Francis accepts resignation of Chilean bishop at center of abuse scandal

ROME
National Catholic Reporter

June 11, 2018

By Joshua J. McElwee

Pope Francis has accepted the resignation of the Catholic bishop at the center of Chile’s clergy sexual abuse crisis, in the first of what is expected to be a wave of firings to root out what the pontiff has termed a “culture of abuse and cover-up” in the country’s church.

In a short note June 11, the Vatican said simply that Francis had accepted the resignation of Osorno Bishop Juan Barros Madrid, a controversial prelate who had been accused of covering up abuse by another priest in the 1980s and ’90s.

At the same time, the pope accepted the resignations of two other Chilean prelates who had already reached the traditional retirement age of 75. Francis has named separate apostolic administrators to lead each of the three dioceses on a temporary basis.
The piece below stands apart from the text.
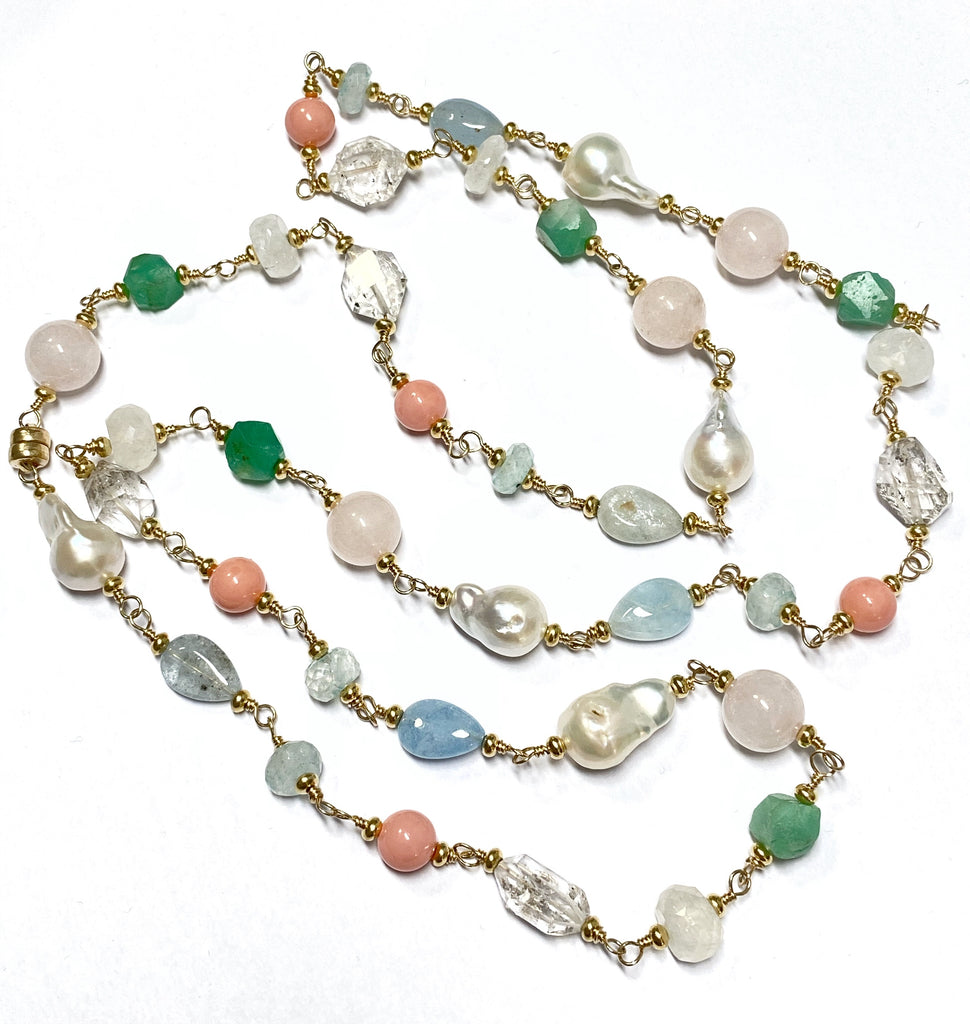 Multi Gemstone Pastel Long Necklace with Herkimer Diamond Aquamarine Gold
Barros’ resignation appears to wrap up one part of what has been an unusually tumultuous period in Francis’ five-year papacy, which touched off during a January visit to Chile when the pontiff enraged abuse survivors and their advocates by calling the accusations against Barros “calumny.”

The pope however made a sharp turnabout after the visit abroad, sending one of the church’s most respected abuse investigators to Chile to look into the accusations against Osorno’s bishop. In a letter to the country’s bishops in April after receiving a 2,300-page report on the situation, Francis admitted making “serious mistakes” in his handling of sexual abuse cases in Chile.